A Donor-advised Fund for Liberal Policy Reform

  • Public-Policy Reform
  • 1976

Campus protestor and student activist Drummond Pike took a position in 1970 at a youth group funded by the Ford Foundation. There he met philanthropists looking for ways to use their money to alter public policy. In 1976, Pike and Jane Bagley Lehman, heir to the Reynolds tobacco fortune, co-created the Tides Foundation to bankroll left-wing groups and causes.

Tides pioneered the use of donor-advised funds for public-policy purposes, allowing wealthy liberals to fund social change. An early coup was helping Hollywood producer Norman Lear create People for the American Way, one of the leading left-activist groups of the 1980s. Tides also helped establish the National Network of Grantmakers to unite “progressive” donors. (Later, Pike went on to serve as treasurer of the Democracy Alliance—see 2005 entry.)

Today the Tides Foundation manages 373 donor-advised funds averaging several hundred thousand dollars each.
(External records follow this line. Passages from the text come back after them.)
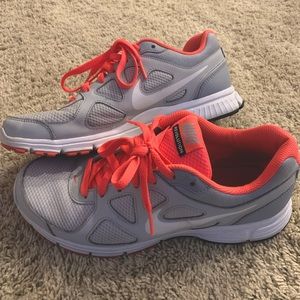 Nike Revolution 488148-004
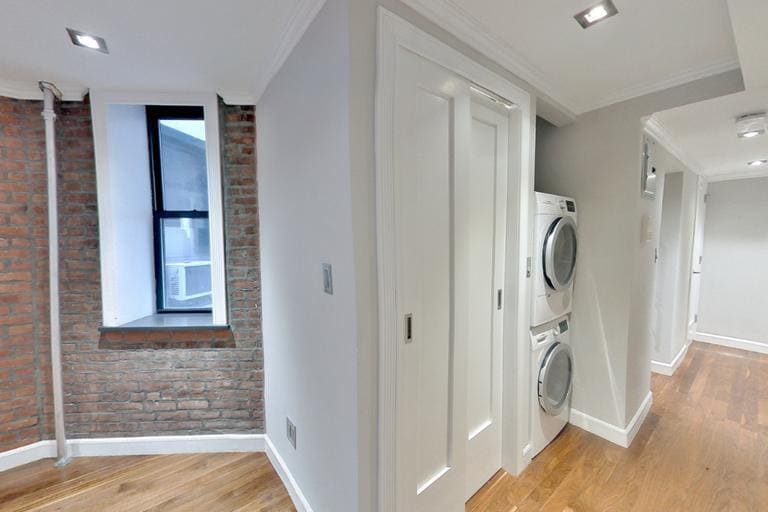 209 E 25th St in New York, NY - Building Photo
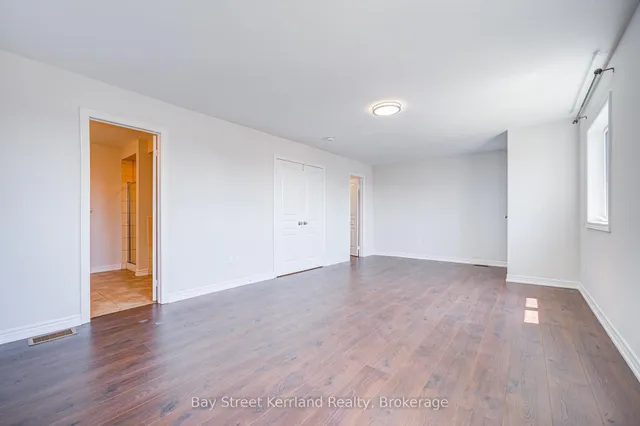 Additional image 34 of 3032 Eighth Line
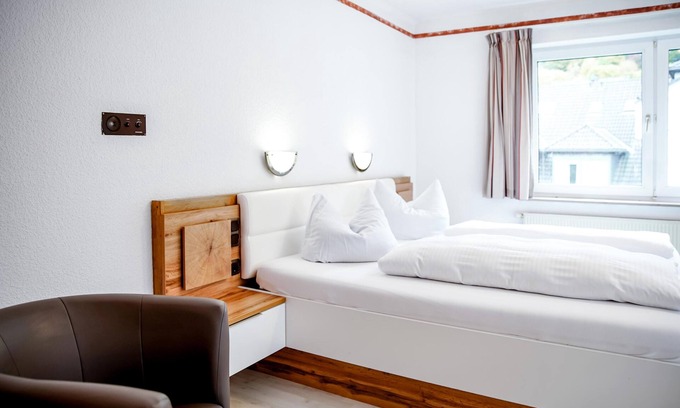 Zueschen Apartment | Comfortable and versatile room -perfect for relaxation, work and exchange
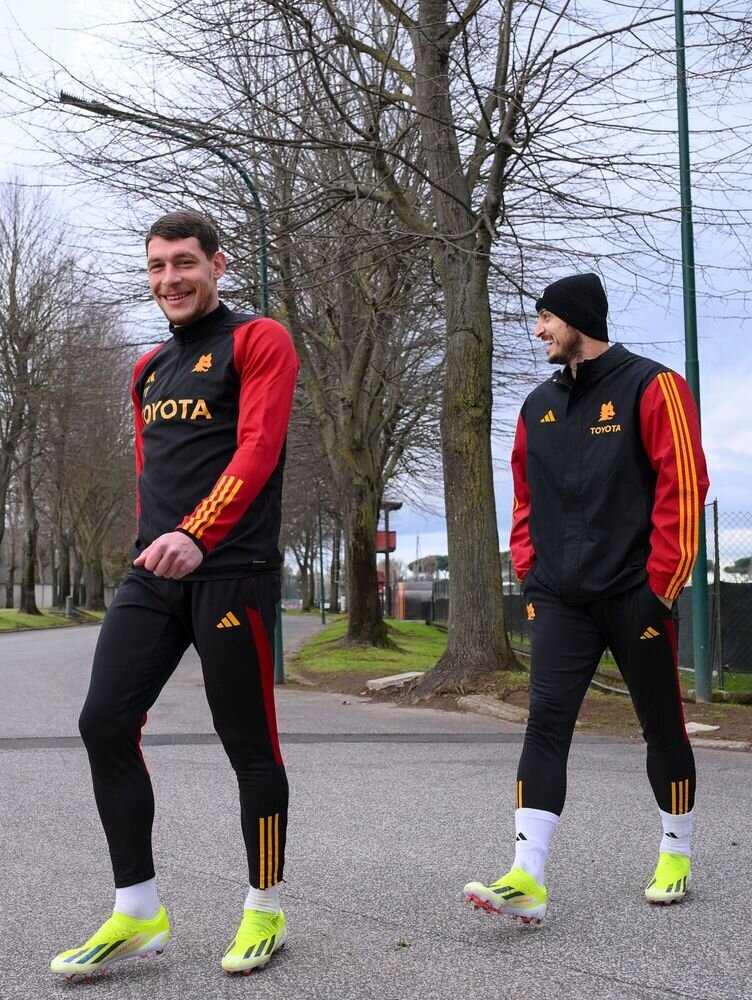 عکس| تیپ زمستانی سردار دور از گرمای قطر عکس| تیپ زمستانی سردار دور از گرمای قطر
Through them, the foundation distributes around $100 million every year to promote causes like “global warming, AIDS treatment and prevention, and economic disparity,” to quote its website. The San Francisco-based organization also operates the Tides Center, created in 1996, to sponsor nascent “social justice” nonprofits, offering them technical, administrative, financial, human-resources, and public-relations services while guiding their activism, and connecting them with donors willing to fund their projects. This and other Tides subgroups spend about as much again as the foundation, making Tides as a whole an approximately $200 million-per-year operation.